Market News: Oliver Stone Nets a Profit from Chinese Art
2008-12-02 09:52:05 未知
Liu Wei's Revolutionary Family sold for £242,730
Hollywood film director Oliver Stone, who recently completed the George W Bush biopic W, sold three contemporary Chinese paintings at Christie's in Hong Kong on Sunday for £2.9million. Stone will have realised a handsome profit as the paintings, including Liu Wei's Revolutionary Family, a portrait of the artist with his father which sold below estimate for £243,000, were bought in the early 1990s when contemporary Chinese art was barely a glimmer in the market's eye. The contemporary Asian art sale was otherwise a lacklustre event in which nearly half the lots went unsold. A much stronger result, from the same series of auctions, was posted in a sale of vintage wines in which nearly all the 240 lots found buyers.
•Along with property, art prices are being hit in the oil-rich Middle East. Bonhams's sale of modern and contemporary Arab, Iranian, Indian and Pakistani art in Dubai last week drummed up just $2.9million (nearly £2million) when at least $9million had been expected. The chief casualty was Mountain, an 8ft-high aluminium sculpture by former Turner Prize-winner Anish Kapoor, estimated at $1.2million to $2.6million, which did not sell.
•There has been some unwanted interest in EH Shepard's drawings of Winnie-the-Pooh, featured last week. One of Shepard's works for the Latin translation of the first Pooh book by AA Milne has been stolen from the annual illustrators' exhibition held by Mayfair dealer, Chris Beetles.

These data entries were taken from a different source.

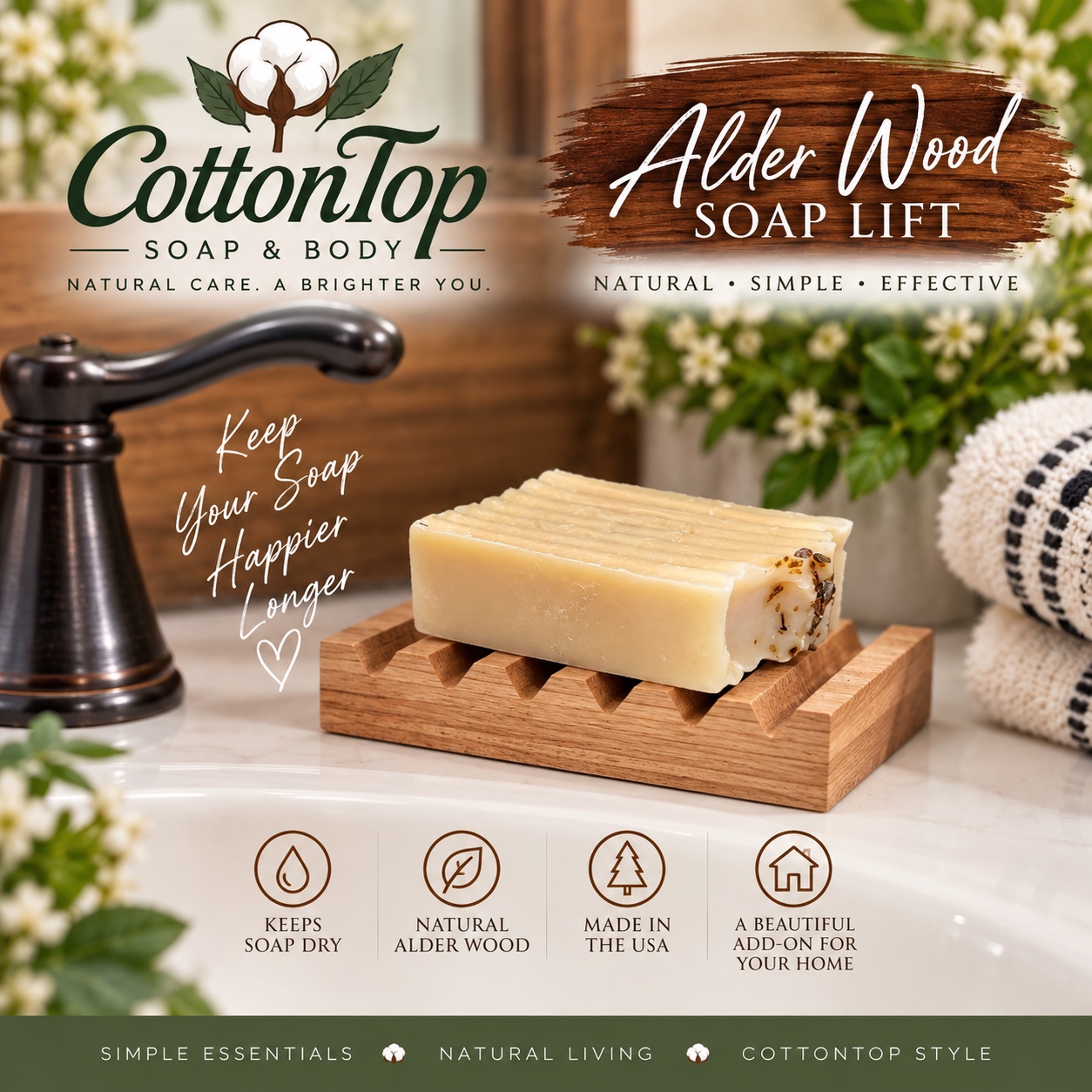 Natural alder wood CottonTop soap lift with a full-size soap bar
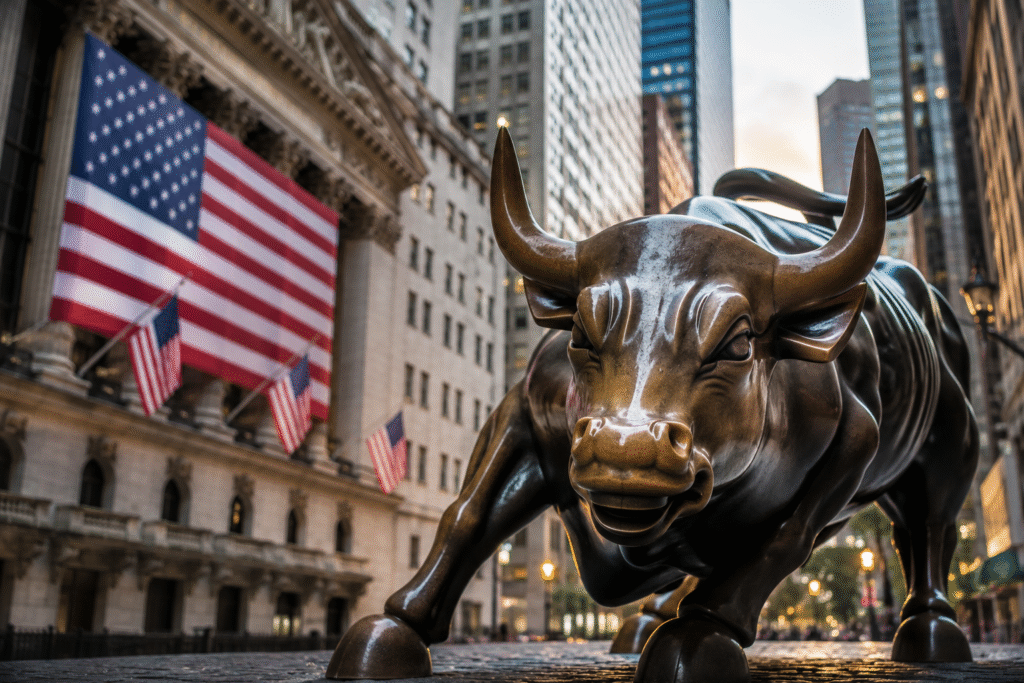 Bronze bull statue stands in New York’s financial district with American flags and skyscrapers in the background, symbolizing Wall Street market strength and investor optimism.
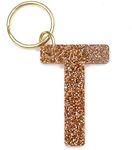 Lucky Feather Letter T Keychain Accessories for Women, Gold Glitter Initial Key Ring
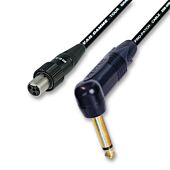 Peavey and Shure GLXD Wireless System Lead for Beltpacks. Gold Angled Jack.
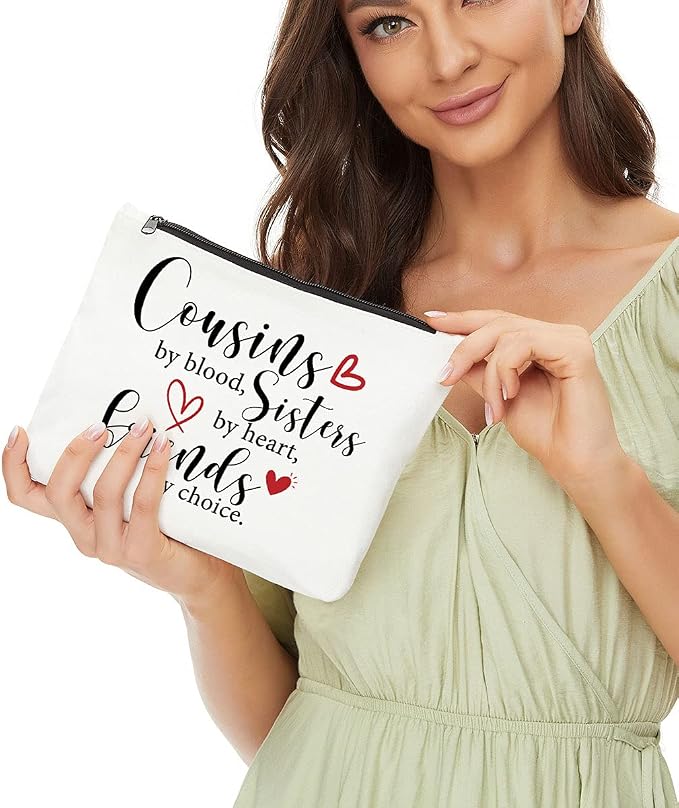 Cousin Gifts Makeup Bag Friends Gifts Cosmetic Bag Travel Toiletry Pouch | Hanksgiving Christmas Graduation Wedding Friendship Birthday Gifts for Women Girls Sisters Cousin Family Cosmetic Pouch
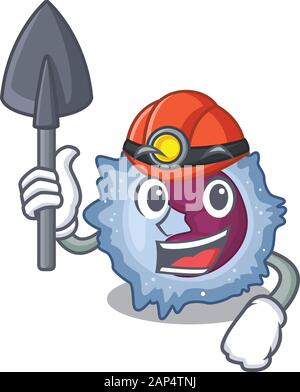 Cool clever Miner cellulari monocitiche cartoon character design Illustrazione Vettoriale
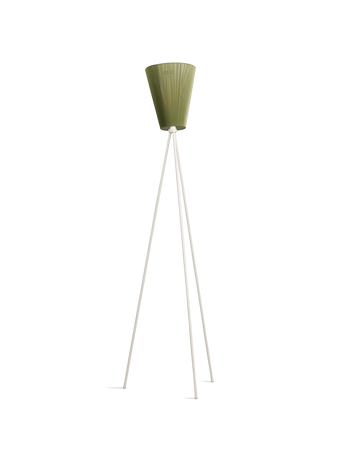 Northern Oslo Wood floor lamp white olive green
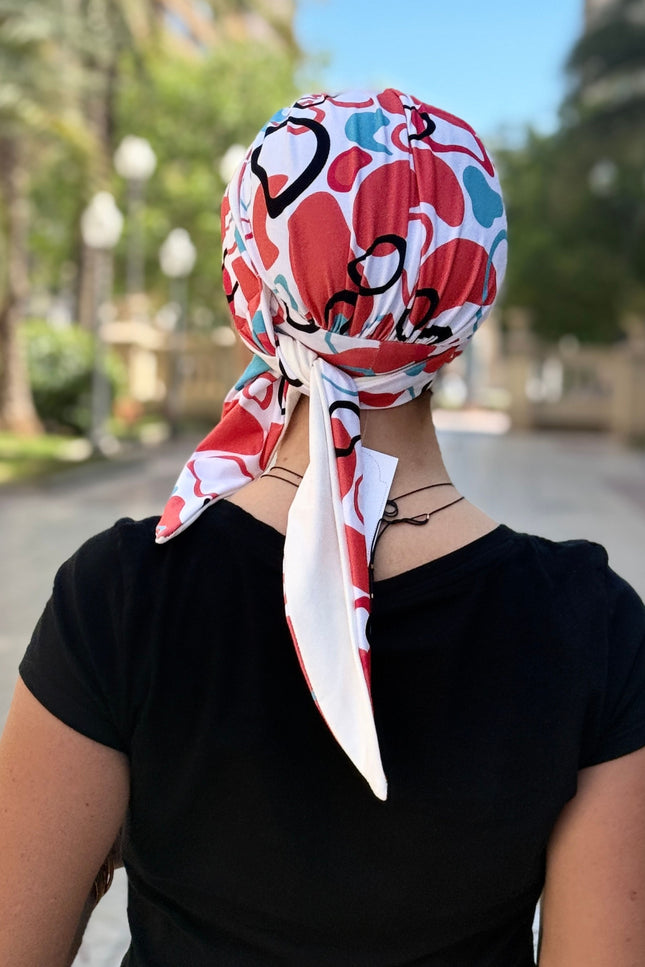 Pañuelo Oncológico Carla Bedia | Zoe Bambú Abstrac Coral Turquesa
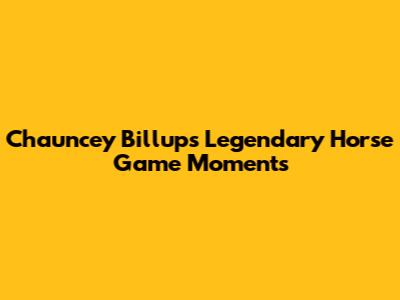 Chauncey Billups' Legendary Horse Game Moments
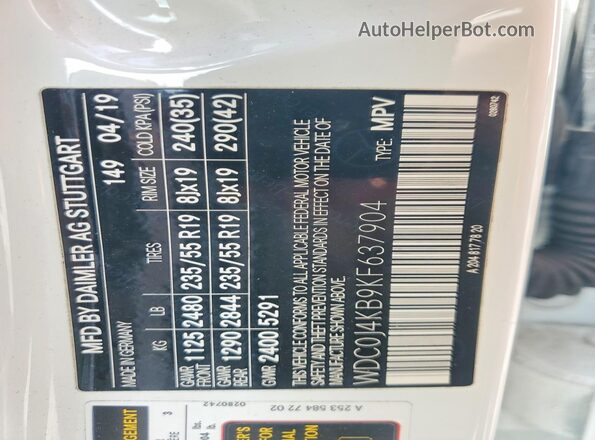 WDC0J4KB9KF637904 2019 MERCEDES-BENZ GLC-CLASS White Widok wnętrza 360 stopni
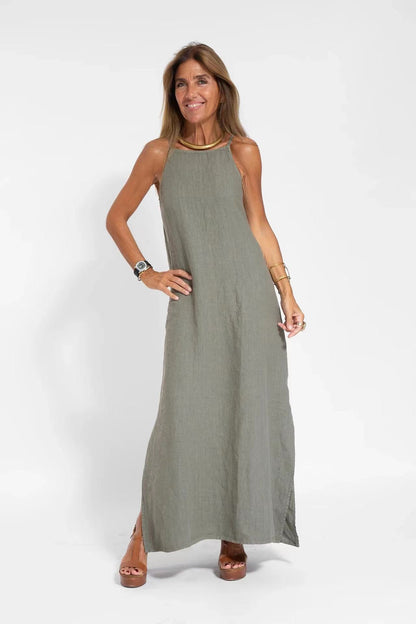 Fashionable Cotton Linen Slit Sleeveless Loose Dress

A tiny oval portrait of the bear, inscribed "Latin Winnie ille Pu medallion" on the back, the work can still be seen on the gallery's website (chrisbeetles.com).
•A rich display of watercolours by JMW Turner is on view this week at Sotheby's and Christie's, where no fewer than 11 works are to be sold this month. At Sotheby's, prices range from £3,000, for an early study of a woodland waterfall, to £200,000 for a late, more dramatic view of the falls of Schaffhausen on the Rhine. Christie's has four British topographical views priced between £50,000 and £120,000. Also on view at Christie's will be five works from the collection of Chicago philanthropists William and Eleanor Wood Prince that are to be sold in New York in January. These are estimated to fetch between $30,000 for an early collaborative work made with Thomas Girtin, and $1.5million for a view of the Brunig Pass in Switzerland - one of the last watercolours he made for his patron John Ruskin.
•Prince Nikita Lobanov-Rostovsky, whose family fled Russia after the 1917 Revolution, bought what might have been the bargain of the week at Christie's Russian sale last week, when, for £13, he acquired a drawing of a horse-drawn vehicle by an unidentified artist that been estimated at £2,000 to £3,000. With no opening bids, the auctioneer then offered it for £10 and the prince, who sold his multi-million-pound collection of Russian theatre art back to Russia this year, seized his opportunity.